◆ **Exercise directions**
Using the listing below, print exactly everything from the line with "Portrait imaged kids" down to the line with "Load image into", both included, and nothing more.

◆ **Record excerpts**
---*---
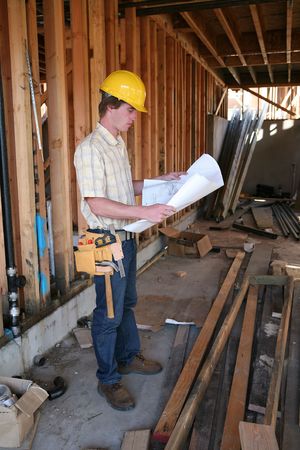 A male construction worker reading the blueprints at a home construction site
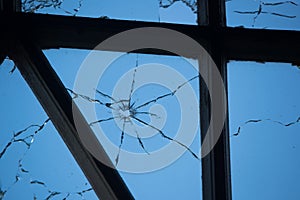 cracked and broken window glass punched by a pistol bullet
---*---
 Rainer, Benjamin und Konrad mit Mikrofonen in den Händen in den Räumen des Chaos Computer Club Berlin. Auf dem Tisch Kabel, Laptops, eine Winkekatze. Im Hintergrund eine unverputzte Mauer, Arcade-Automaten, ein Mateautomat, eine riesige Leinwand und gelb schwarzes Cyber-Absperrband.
---*---
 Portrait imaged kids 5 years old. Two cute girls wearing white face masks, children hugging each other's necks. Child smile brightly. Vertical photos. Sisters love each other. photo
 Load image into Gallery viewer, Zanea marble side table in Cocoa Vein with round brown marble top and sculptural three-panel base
---*---
◆ **Written response**
 Portrait imaged kids 5 years old. Two cute girls wearing white face masks, children hugging each other's necks. Child smile brightly. Vertical photos. Sisters love each other. photo
 Load image into Gallery viewer, Zanea marble side table in Cocoa Vein with round brown marble top and sculptural three-panel base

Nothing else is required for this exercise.